In the first instance, I hadn't thought about drawing in my life and I don't know what it means or where it stands, except I enjoy it in class even when I struggle. I have nothing to prove, no style/method, which should mean I've a childlike freedom/permission to just "go for it" but this isn't helping. A somewhat more practical issue is quick gesture drawings still being my favorite, I feel obliged to make more polished/worked work if folks are kind enough to make their way to a gallery, and I haven't figured out how to rework gesture drawings. It sounds so contradictory. Plus, I'm using A2, which is half the size of A1, my favorite, and when it comes to gesture drawing, the movements of my arms and the whole body influence the fluidity of the drawing, so anything on A2 feels contrived.

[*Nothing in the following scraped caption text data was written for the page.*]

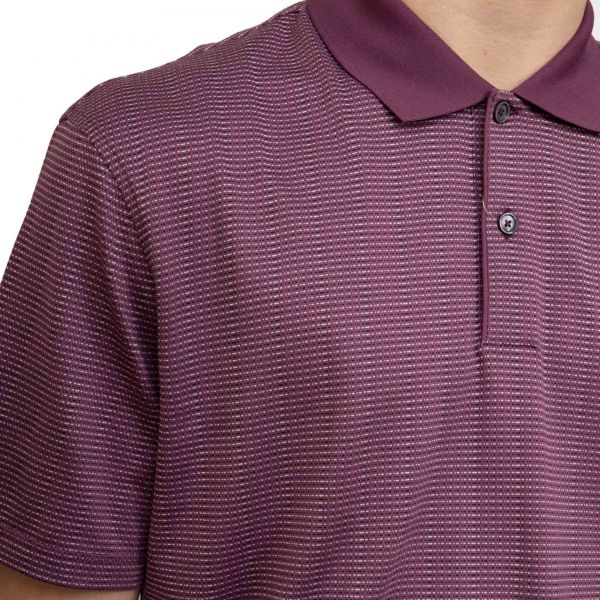 Поло Ermenegildo Zegna US526 Bordo.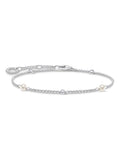 Thomas Sabo white freshwater pearl bracelet (British brand)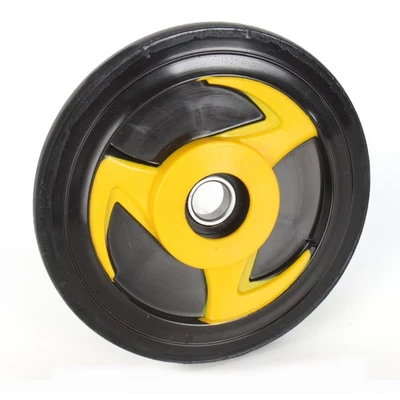 Rueda loca Kimpex amarilla con rodamiento - 04-1178-28 Foto 1 de 2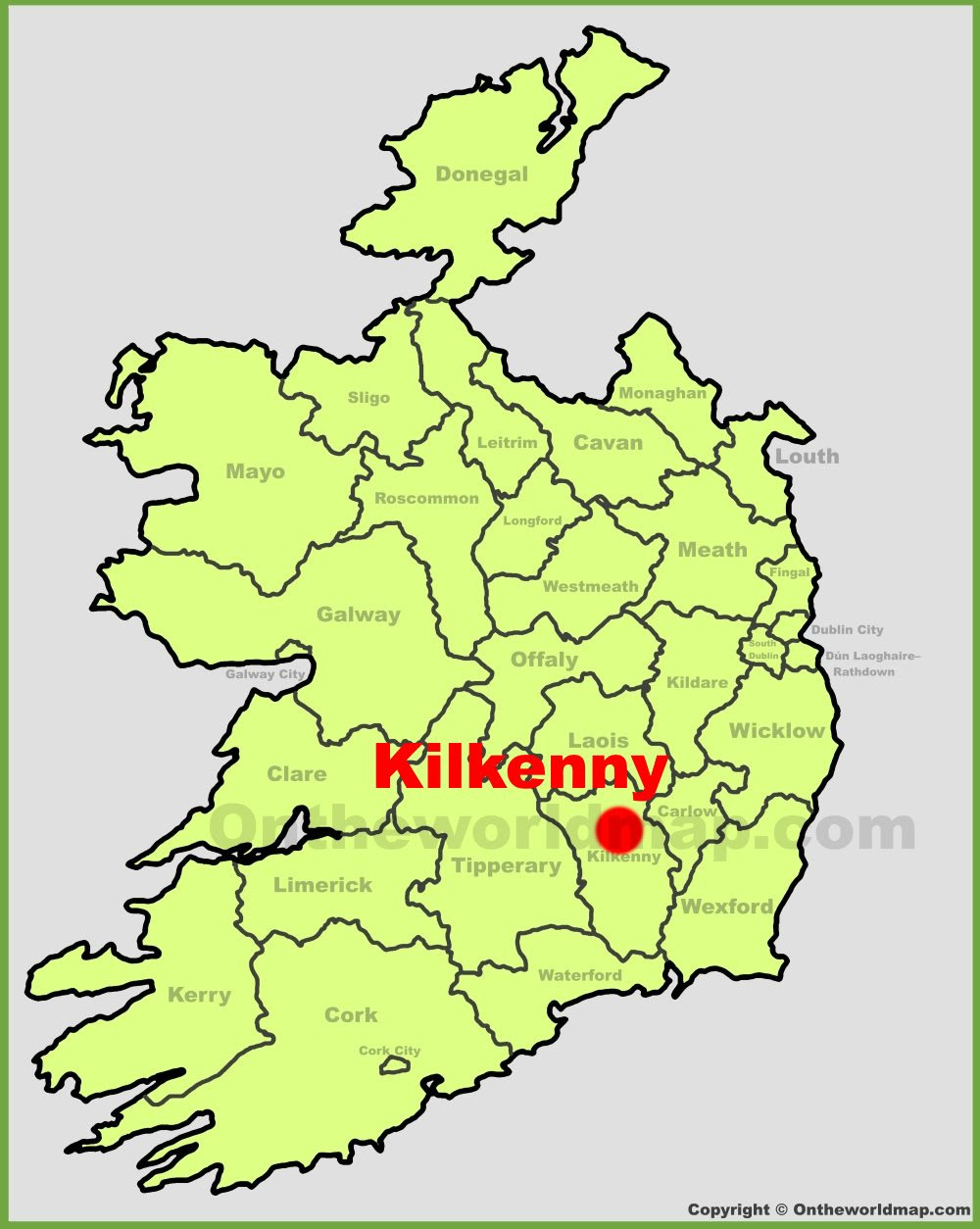 Where Is Kilkenny In Ireland Map Kilkenny location on the Ireland map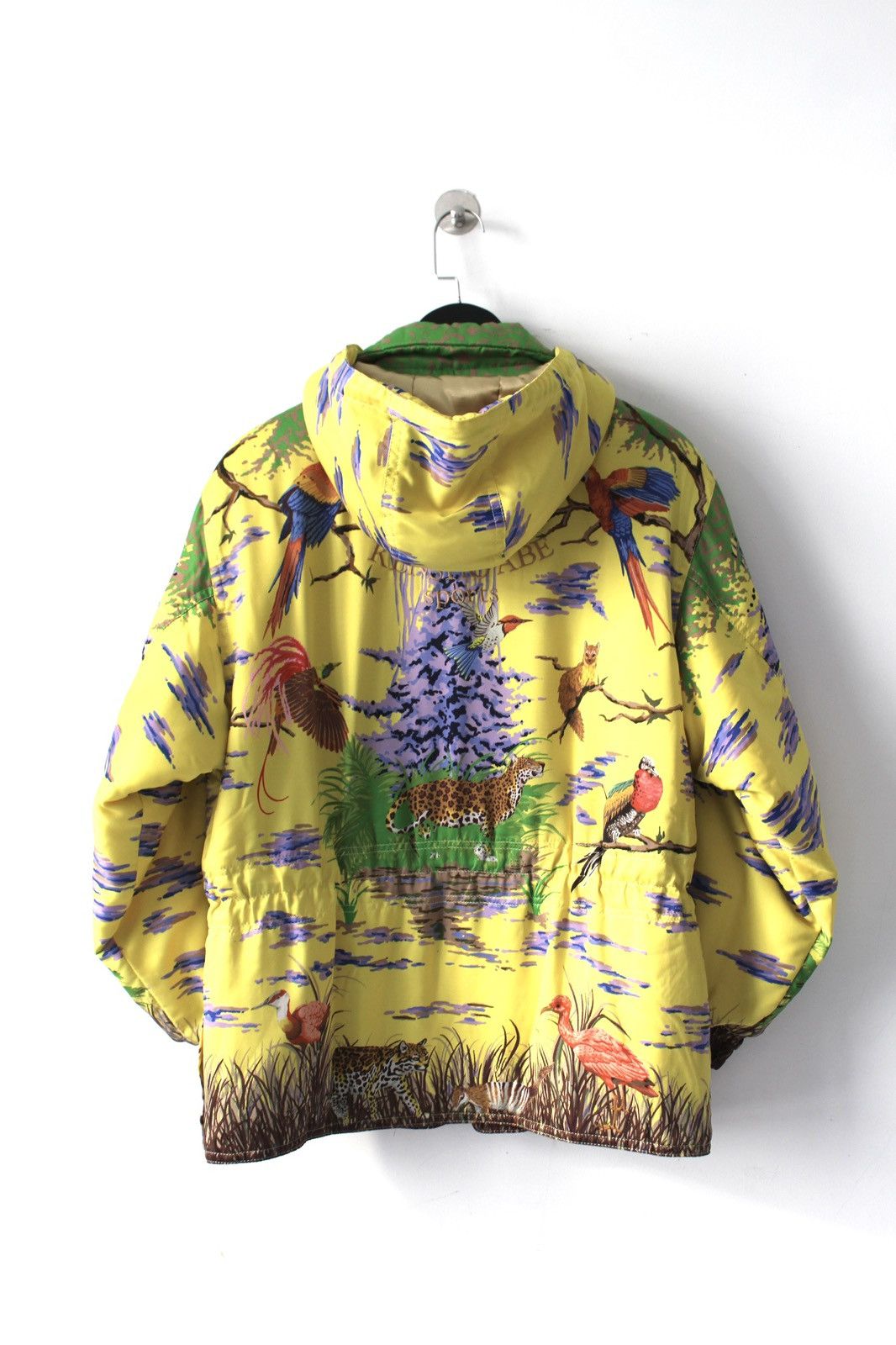 Japanese Brand 2000S KENSHO ABE JAPAN SPORTS WILDLIFE PRINT HOODED JACKET Size US L / EU 52-54 / 3 - 2 Thumbnail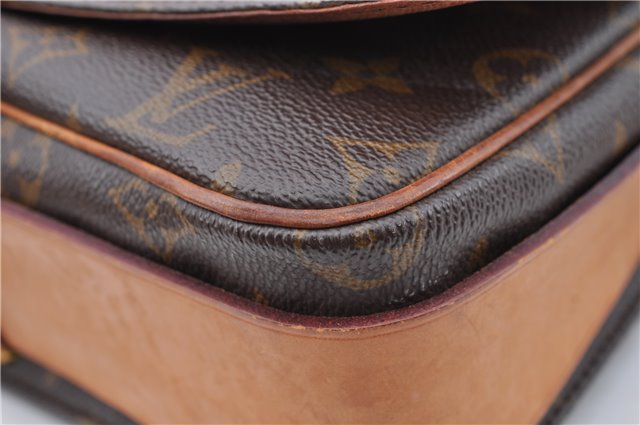 Authentic Louis Vuitton Monogram Cartouchiere GM M51252 Shoulder Cross Bag J5186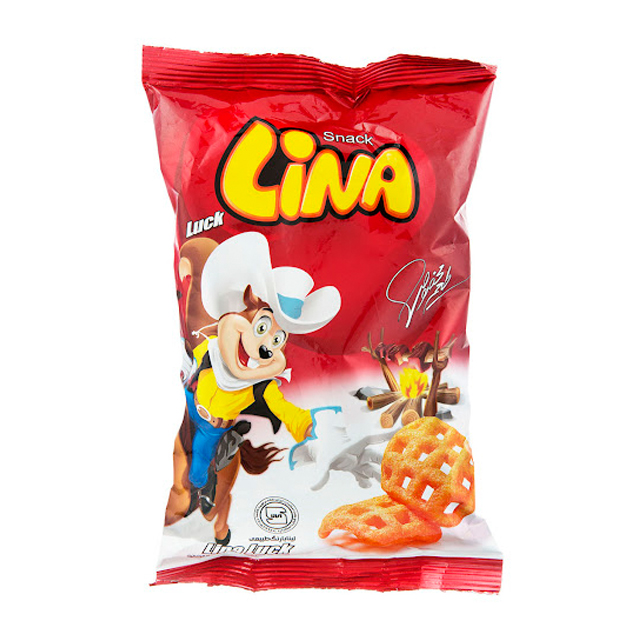 اسنک لوک پنیری لینا 55 گرمی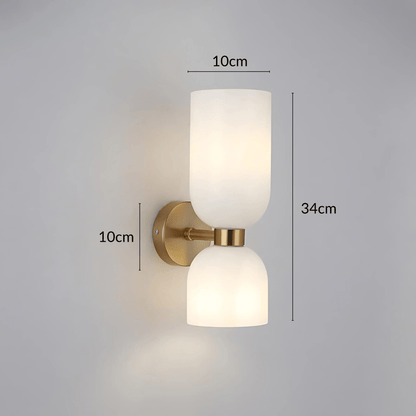 Dual Globe Vertical Wall Light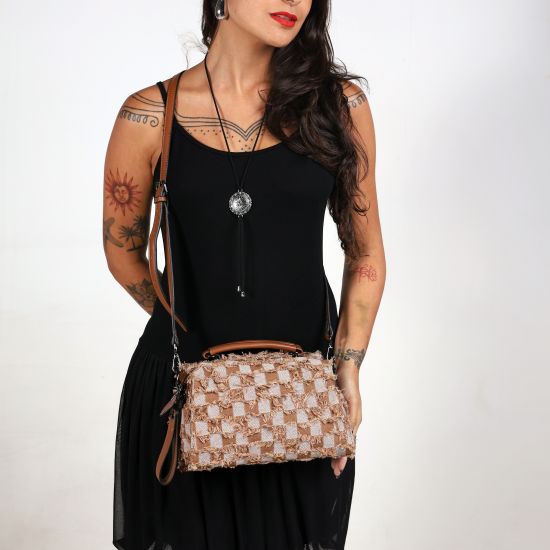 Bolsa Denim Pop Caramelo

I found a few of my past favorites on the big sheets - know what I mean?
Anyhoo, never short of ideas, I'm going to try something that eliminates intention from the equation. You'll laugh when I show you these.

Sam and Annabelle have lovely and more mature (as drawers and painter) work. I have four each from them to use in the poster/publicity and some are positively swoon-worthy. I'm not competing with them, but I would still like to make some myself that I can be happy with, whatever that means. 

But I made the poster; I struggled with the line under "Go Figure"; "- An Exhibition of Human Figures" sounded like we were going to parade naked, and I couldn't use "Figure Drawing" because the Sam and Annabelle also have paintings, so I was appreciative when Annabelle whipped up the second line.